## THE INPUT

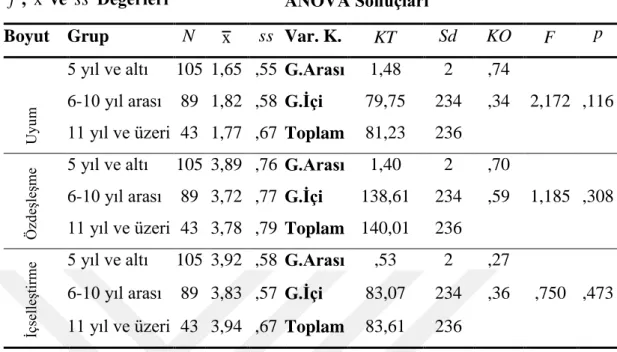 Tablo  4.9:  Örgütsel  Bağlılık  Ölçeği  Alt  Boyutları  Puanlarının  Mesleki  Kıdem  DeğiĢkenine Göre Tek Yönlü Varyans Analizi (ANOVA) Sonuçları   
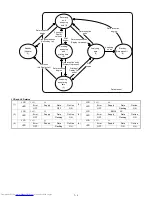 Preview for 52 page of Sharp JX-8200 Service Manual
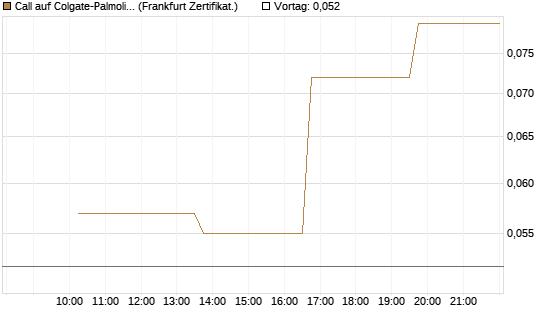 Call auf Colgate-Palmolive [Vontobel] Chart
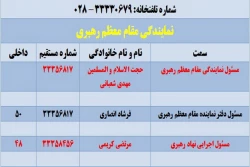 نهاد رهبری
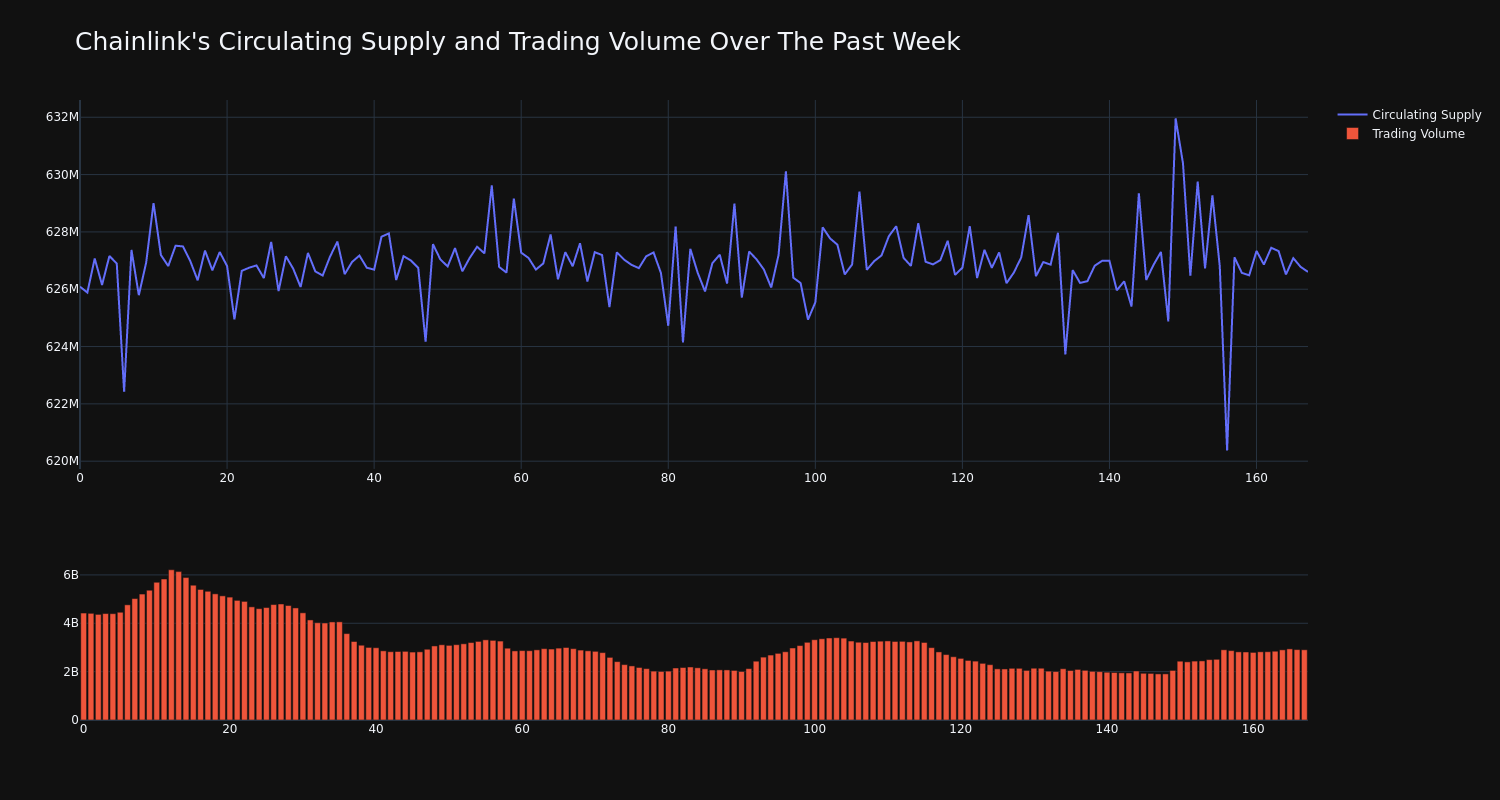 supply_and_vol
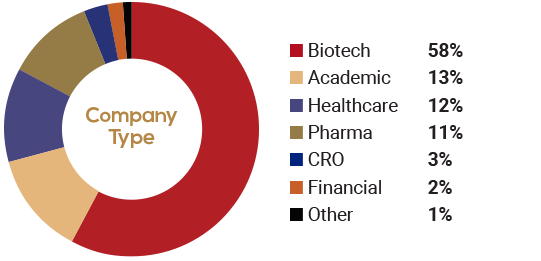 Company Type Demographics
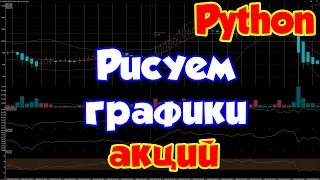 Python Рисуем графики акций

## WHAT IS EXPECTED
Give the records again exactly, minus the pictures.

## ANSWER FOR THIS EXERCISE
 Tablo  4.9:  Örgütsel  Bağlılık  Ölçeği  Alt  Boyutları  Puanlarının  Mesleki  Kıdem  DeğiĢkenine Göre Tek Yönlü Varyans Analizi (ANOVA) Sonuçları   
 Preview for 52 page of Sharp JX-8200 Service Manual
 Call auf Colgate-Palmolive [Vontobel] Chart
 نهاد رهبری
 supply_and_vol
 Company Type Demographics
 Python Рисуем графики акций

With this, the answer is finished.